Sanders spoke on April 15 at a rally opposing Fast Track and corporate-friendly trade deals. (Photo: AFGE/flickr/cc)

Sen. Bernie Sanders, who said at the end of April that he would challenge Hillary Clinton for the Democratic presidential nomination, will officially launch his run for president on Tuesday in Burlington, Vermont, campaign officials announced this week.

Burlington is where Sanders began his political career, serving as mayor from 1981 to 1989, before going on to represent Vermont in the U.S. House and Senate.

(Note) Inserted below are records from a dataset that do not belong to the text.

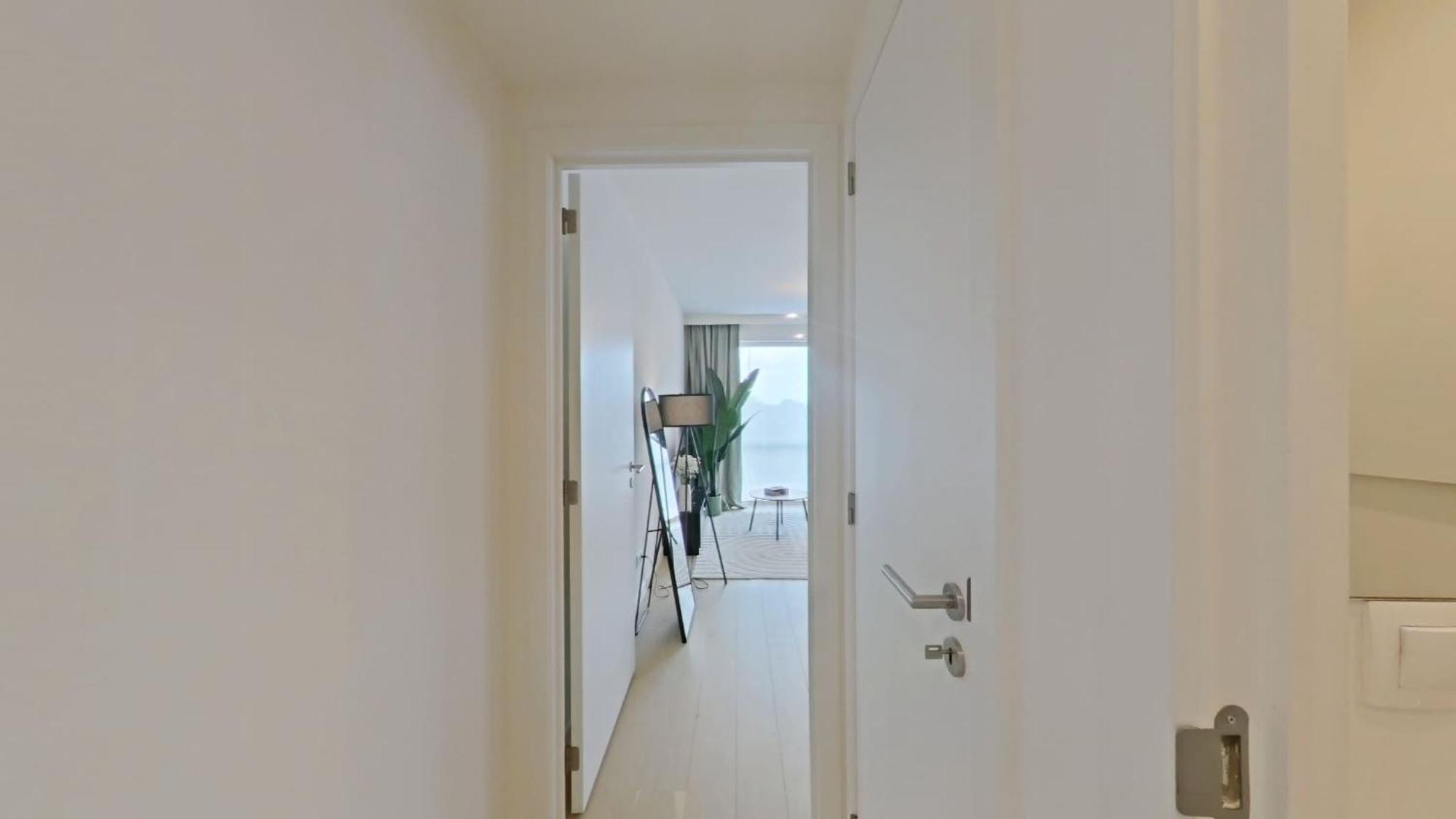 Appartement Large In A Serviced Building *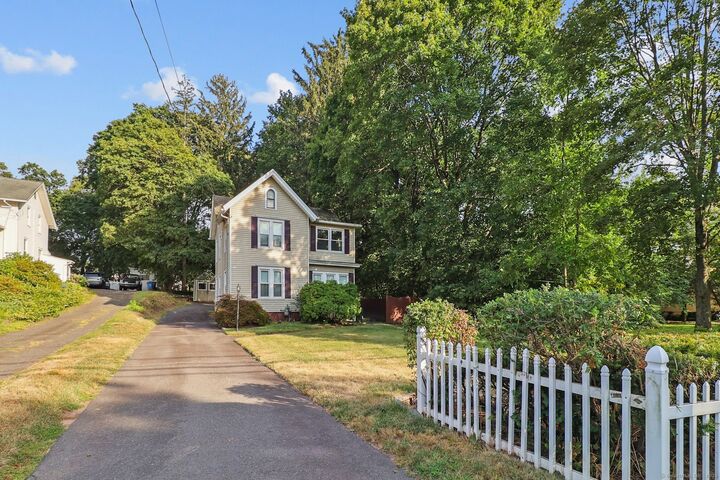 Property Photo:  589 Main Street  CT 06479 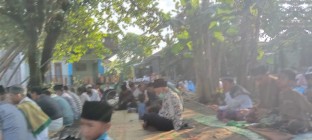 ustad Poniman Pimpin Jamaah Iedul…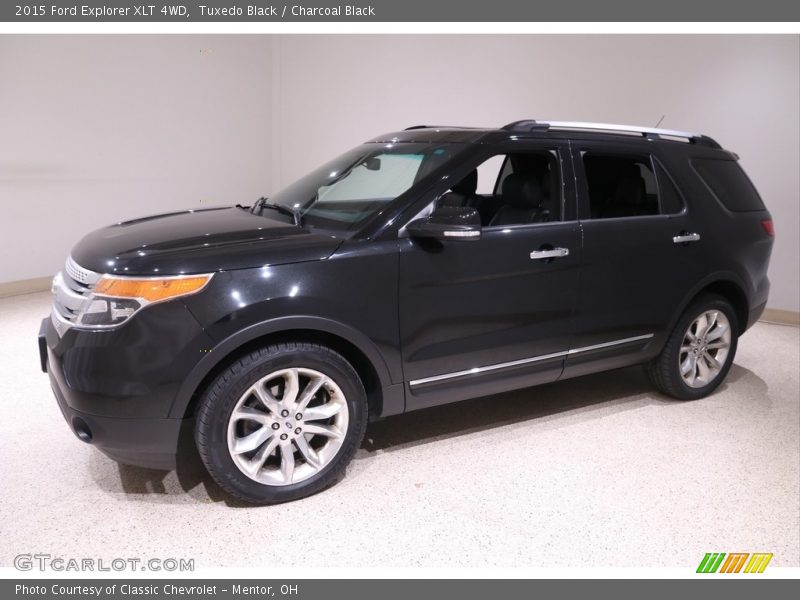 Tuxedo Black / Charcoal Black 2015 Ford Explorer XLT 4WD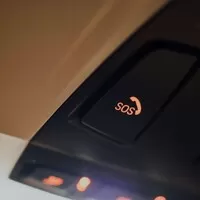 Červené tlačítko SOS: malý telefon, velká závislost na síti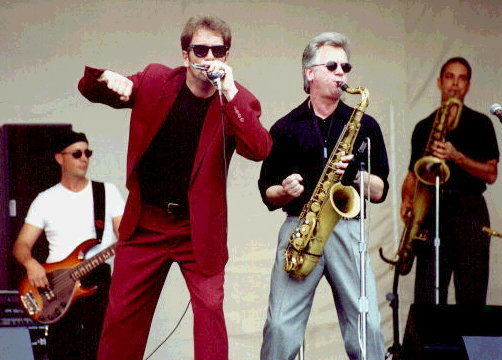 Lewis Huey And The News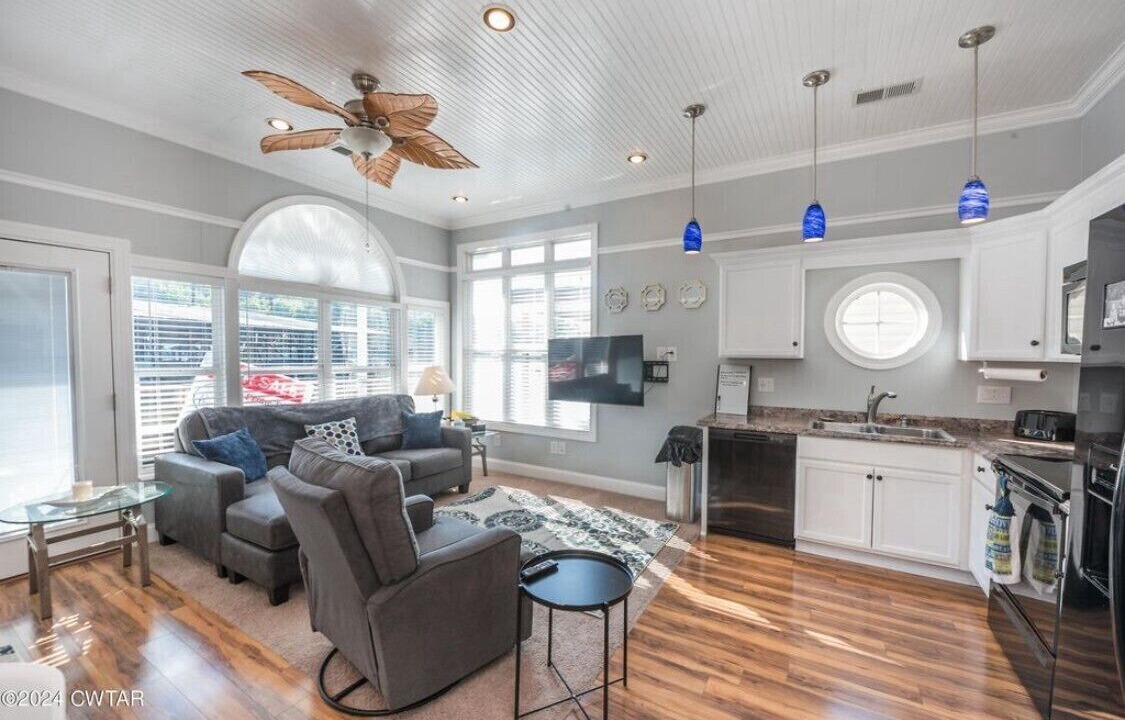 Photo of Livingroom in Parsons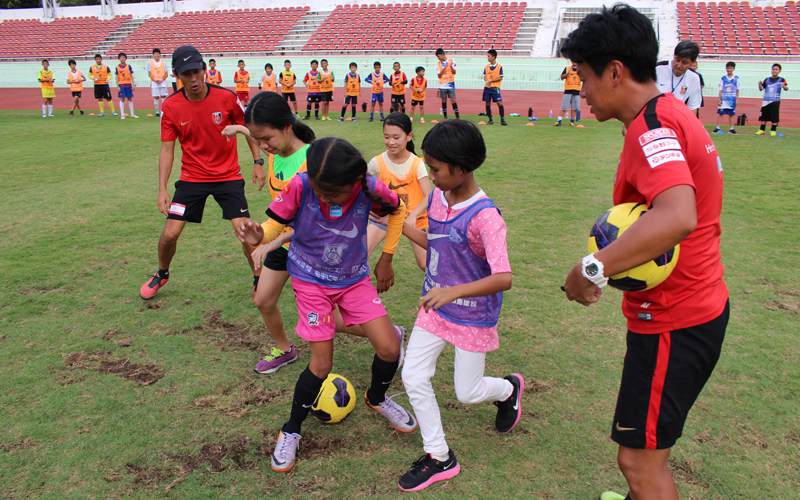【Thailand】Urawa Reds Heartful Soccer in Asia, Grassroots International Exchange, 130th Anniversary of Japan-Thailand in 20173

"My hometown of Burlington and the people of Vermont have a special place in my heart," Sanders said. "There is nowhere else in the world where I would hold an event this important."

He continued:

In Vermont, I have learned that focusing on important issues and not engaging in negative campaigns is what people want. I have learned that grassroots campaigning — holding town meetings, knocking on doors, face-to-face discussions — is more important than money in winning elections. That is what I have done in Vermont and that is the lesson I will take with me around the country on this national campaign.

The formal kickoff will set the stage for the campaign to come. I will lay out an 'Agenda for America' which addresses the major crises we face and a vision of a government which works for all of our people and not just the billionaire class.

There will be free Ben & Jerry's ice cream at the kick-off. According to the Huffington Post, Jerry Greenfield, one half of the duo that created the Vermont-based ice cream company, hopes to personally scoop ice cream for Sanders at the event.

"I love Bernie’s take on the issues about inequality in this country, about the incredible discrepancy between wealth and poor, and that we’re just not taking care of people," Greenfield reportedly said.